Things That Are So-So About Dr. Horrible And His Sing-Along Blog:
– Most of the rest of the songs. They aren’t very catchy, sometimes get musically confusing (all the crossover vocals – yes, we get it, it’s a musical, but crossover vocals are a gimmick best used sparingly) and don’t even always work for comic value. (Usually, but not always.) It doesn’t help that out of the entire cast, NPH is the only one who can really deliver a good dramatic vocal performance.
– Captain Hammer in general. I was totally stoked to see Dr. Horrible because it’s about a supervillain, and from that angle it works, because Dr. Horrible is a wonderfully mixed-up character with both admirable and deplorable qualities. The problem is that Captain Hammer is a one-note “stupid dickhead in position of authority” trope, which just gets in the way of Dr. Horrible’s complexity; surely Dr. Horrible must be in the right if he opposes Captain Hammer, and that ruins a lot of the character’s ambiguity. It doesn’t help that Nathan Fillion (an actor I normally like) hams it up like mad, mugging his way through the story (a decision, I am sure, that was directorial).

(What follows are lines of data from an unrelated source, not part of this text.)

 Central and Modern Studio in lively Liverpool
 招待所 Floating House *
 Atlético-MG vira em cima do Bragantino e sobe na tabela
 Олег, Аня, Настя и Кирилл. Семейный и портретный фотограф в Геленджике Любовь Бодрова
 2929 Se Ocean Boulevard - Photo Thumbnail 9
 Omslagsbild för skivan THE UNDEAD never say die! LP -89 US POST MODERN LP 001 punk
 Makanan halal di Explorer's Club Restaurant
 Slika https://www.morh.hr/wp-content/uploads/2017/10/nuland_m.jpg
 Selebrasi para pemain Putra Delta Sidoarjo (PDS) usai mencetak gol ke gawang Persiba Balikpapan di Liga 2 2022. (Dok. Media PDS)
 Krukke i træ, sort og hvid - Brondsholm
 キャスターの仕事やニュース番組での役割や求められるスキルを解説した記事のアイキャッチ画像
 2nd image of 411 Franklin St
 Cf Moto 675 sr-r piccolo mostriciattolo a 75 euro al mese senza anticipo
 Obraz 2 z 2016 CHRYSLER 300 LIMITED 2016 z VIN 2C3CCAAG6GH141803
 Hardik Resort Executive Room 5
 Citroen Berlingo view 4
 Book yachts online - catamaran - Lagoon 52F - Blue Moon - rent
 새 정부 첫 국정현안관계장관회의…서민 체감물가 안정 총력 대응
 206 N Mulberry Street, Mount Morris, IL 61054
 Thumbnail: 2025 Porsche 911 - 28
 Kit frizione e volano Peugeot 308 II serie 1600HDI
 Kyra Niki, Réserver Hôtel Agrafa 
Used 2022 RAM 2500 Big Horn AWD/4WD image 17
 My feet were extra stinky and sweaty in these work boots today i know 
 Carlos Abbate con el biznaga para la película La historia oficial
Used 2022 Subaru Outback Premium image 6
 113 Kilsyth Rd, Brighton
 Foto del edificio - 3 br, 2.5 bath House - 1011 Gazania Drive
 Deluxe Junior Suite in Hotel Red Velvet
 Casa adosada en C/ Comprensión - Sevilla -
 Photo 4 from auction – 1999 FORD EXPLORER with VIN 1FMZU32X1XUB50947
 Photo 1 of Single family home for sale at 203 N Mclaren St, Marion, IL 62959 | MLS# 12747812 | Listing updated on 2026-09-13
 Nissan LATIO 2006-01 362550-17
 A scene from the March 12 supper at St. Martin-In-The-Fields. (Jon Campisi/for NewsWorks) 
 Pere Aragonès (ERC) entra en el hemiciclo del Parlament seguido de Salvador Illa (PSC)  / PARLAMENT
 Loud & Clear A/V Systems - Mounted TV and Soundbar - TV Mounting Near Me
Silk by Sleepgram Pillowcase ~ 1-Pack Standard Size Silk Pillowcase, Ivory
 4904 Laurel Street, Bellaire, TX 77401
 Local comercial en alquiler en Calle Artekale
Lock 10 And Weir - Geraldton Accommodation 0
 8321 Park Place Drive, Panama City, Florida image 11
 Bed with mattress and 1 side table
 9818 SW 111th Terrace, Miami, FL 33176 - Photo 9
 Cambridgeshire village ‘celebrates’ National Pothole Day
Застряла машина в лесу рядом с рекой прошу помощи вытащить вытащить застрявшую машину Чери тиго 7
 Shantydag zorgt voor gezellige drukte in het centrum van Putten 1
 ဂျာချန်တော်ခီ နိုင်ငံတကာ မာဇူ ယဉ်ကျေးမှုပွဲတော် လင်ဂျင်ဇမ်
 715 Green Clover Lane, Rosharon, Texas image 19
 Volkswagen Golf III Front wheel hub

Things That Suck About Dr. Horrible And His Sing-Along Blog:
– The ending. Dear god, the ending. This is not a criticism that a silly story can’t have a serious ending, but come on – this is third-grade-level irony, the sort of thing that makes the rotting corpse of O. Henry sit up in his grave and mumble “oh, that just will not do” through disintegrating lips. It’s a shameless, unmerited plea for gravitas, and worse it’s handled in Whedon’s trademark manner for this sort of thing (I am mostly trying to avoid specific spoilers here) so not only does it come off as cheesy but also unoriginal. Prior to the last five minutes of Dr. Horrible I was thinking “well, it’s good enough for what it is.” Afterwards, that changed to “I wish that had been good enough for what it was.”